WHAT YOU ARE ASKED TO DO | From the entries below, pull out each line where "show" appears.

INPUT MATERIAL |
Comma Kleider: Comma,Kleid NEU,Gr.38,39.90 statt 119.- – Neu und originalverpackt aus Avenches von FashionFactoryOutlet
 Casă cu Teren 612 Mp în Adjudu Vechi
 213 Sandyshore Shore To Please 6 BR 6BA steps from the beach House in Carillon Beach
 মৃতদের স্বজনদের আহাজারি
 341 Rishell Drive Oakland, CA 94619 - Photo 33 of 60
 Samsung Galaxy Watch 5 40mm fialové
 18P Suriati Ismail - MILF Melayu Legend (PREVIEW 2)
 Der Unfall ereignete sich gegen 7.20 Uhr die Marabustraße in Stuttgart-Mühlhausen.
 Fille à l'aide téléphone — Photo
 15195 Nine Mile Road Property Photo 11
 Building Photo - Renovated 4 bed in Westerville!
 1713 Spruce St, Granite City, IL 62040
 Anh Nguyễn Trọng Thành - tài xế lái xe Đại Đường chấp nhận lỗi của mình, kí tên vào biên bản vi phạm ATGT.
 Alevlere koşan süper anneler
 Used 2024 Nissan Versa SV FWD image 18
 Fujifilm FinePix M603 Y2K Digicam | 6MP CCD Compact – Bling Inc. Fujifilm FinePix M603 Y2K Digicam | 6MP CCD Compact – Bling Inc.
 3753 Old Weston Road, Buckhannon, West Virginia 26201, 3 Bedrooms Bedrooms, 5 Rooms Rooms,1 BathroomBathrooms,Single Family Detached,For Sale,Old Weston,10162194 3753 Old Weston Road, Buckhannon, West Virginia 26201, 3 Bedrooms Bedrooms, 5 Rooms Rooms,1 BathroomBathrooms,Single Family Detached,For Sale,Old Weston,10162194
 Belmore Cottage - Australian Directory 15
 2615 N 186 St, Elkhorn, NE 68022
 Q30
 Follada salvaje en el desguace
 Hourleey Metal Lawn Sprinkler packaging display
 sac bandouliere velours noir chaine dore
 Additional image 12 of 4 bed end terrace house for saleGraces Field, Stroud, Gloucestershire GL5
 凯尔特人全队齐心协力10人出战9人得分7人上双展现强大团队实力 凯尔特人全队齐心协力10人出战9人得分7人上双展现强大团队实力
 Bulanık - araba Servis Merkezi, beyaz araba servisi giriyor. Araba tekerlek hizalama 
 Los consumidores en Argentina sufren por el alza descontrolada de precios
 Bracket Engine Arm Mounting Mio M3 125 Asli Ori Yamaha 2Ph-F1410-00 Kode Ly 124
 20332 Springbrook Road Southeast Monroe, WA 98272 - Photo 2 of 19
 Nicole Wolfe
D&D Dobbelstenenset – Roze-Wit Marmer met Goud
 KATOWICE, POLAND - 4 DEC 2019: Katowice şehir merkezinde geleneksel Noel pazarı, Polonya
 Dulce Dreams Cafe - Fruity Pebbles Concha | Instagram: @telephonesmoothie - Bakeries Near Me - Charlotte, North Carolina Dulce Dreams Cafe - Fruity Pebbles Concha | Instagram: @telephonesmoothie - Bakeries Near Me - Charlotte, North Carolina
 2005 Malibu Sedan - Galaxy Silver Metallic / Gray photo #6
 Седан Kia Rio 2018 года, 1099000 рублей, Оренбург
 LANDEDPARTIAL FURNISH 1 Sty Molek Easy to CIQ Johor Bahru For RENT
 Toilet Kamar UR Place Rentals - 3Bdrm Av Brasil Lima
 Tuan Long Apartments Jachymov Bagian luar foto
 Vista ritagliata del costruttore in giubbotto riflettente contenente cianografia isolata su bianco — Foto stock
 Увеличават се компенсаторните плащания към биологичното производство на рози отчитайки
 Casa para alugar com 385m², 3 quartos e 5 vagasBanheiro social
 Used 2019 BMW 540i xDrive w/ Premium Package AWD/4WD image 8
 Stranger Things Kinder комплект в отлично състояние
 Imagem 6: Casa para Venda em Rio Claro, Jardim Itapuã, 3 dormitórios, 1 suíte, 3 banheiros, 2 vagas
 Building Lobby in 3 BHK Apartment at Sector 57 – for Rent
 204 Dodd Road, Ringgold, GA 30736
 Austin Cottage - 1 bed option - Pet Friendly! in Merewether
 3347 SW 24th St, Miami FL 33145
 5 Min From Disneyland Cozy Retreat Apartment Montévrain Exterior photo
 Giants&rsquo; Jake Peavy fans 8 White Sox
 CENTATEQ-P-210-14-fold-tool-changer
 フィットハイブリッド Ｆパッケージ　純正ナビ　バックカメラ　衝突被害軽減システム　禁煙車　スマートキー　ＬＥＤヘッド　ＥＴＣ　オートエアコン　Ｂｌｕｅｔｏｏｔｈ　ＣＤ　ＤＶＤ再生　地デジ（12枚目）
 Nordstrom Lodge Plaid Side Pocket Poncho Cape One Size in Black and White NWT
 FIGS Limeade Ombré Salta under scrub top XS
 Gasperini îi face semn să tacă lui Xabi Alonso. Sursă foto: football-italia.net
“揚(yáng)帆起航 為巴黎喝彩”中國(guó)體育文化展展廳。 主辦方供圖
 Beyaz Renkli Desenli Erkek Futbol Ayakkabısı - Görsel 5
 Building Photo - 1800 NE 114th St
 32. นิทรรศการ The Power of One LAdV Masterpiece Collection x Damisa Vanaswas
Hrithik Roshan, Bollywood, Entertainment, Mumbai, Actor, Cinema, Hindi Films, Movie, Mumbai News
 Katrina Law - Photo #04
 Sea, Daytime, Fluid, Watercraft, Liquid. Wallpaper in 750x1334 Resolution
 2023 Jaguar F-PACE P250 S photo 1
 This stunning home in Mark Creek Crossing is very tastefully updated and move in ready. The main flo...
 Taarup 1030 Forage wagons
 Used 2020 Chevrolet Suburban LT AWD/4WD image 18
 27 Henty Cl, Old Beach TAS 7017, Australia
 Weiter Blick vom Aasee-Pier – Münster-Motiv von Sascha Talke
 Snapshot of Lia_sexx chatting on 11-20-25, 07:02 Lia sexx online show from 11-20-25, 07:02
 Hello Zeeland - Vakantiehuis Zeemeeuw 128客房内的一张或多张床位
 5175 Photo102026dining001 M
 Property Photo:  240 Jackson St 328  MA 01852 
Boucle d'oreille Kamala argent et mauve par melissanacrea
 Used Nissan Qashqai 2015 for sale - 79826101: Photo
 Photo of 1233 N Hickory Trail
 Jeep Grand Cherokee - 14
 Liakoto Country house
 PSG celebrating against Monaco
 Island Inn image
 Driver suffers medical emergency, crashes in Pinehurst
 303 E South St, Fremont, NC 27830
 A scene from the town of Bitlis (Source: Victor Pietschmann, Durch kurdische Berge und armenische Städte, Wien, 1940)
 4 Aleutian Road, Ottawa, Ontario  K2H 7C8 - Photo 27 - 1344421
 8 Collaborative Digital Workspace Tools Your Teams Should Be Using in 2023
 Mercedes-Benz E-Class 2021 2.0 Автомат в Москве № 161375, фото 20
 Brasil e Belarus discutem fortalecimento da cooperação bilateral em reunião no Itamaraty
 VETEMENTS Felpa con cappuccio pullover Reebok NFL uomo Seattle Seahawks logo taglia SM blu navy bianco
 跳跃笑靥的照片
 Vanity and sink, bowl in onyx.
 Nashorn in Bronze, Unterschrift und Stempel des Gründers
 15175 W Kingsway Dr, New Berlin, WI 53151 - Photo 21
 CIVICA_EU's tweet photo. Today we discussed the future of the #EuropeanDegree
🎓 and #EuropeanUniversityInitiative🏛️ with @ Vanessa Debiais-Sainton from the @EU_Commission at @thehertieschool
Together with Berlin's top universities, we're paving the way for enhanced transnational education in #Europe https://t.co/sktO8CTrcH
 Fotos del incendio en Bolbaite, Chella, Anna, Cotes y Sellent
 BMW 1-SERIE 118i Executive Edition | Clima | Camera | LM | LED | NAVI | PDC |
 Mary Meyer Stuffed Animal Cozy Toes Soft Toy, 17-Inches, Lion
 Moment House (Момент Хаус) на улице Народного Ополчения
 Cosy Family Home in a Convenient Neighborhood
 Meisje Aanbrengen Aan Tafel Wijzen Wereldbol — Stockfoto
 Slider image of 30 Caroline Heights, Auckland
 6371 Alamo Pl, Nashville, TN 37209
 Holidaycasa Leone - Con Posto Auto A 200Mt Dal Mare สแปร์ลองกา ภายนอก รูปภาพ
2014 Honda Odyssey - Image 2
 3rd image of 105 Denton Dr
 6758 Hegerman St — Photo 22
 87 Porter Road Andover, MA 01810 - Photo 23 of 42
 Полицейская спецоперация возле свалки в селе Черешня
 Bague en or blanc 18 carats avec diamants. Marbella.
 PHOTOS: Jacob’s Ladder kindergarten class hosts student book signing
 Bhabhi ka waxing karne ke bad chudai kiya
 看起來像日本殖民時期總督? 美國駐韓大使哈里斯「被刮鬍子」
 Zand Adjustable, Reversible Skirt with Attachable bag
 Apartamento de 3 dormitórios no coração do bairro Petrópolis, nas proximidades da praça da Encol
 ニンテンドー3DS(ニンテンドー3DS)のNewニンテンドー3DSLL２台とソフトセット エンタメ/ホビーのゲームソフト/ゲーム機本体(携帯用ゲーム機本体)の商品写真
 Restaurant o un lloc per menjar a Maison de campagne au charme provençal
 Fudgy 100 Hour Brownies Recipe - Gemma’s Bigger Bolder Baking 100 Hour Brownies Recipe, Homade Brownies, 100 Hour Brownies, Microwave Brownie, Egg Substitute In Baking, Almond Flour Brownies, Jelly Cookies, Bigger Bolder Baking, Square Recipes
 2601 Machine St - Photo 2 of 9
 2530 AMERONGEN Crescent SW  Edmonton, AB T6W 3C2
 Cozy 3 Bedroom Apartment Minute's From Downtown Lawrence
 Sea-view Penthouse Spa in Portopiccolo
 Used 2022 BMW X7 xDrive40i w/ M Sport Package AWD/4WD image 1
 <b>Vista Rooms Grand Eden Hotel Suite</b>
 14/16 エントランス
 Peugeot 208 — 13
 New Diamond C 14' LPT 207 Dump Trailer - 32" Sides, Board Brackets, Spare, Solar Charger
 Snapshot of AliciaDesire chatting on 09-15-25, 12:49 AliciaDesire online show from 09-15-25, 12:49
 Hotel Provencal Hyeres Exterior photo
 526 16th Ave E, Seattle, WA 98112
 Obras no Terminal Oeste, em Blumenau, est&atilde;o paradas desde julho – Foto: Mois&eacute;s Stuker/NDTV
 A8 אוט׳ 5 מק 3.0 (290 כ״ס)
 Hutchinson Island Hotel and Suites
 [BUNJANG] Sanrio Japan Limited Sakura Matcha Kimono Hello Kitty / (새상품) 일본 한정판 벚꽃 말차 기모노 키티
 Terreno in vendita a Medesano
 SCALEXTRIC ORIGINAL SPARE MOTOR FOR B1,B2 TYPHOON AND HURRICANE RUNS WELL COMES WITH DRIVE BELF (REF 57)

WRITTEN ANSWER |
 Snapshot of Lia_sexx chatting on 11-20-25, 07:02 Lia sexx online show from 11-20-25, 07:02
 Snapshot of AliciaDesire chatting on 09-15-25, 12:49 AliciaDesire online show from 09-15-25, 12:49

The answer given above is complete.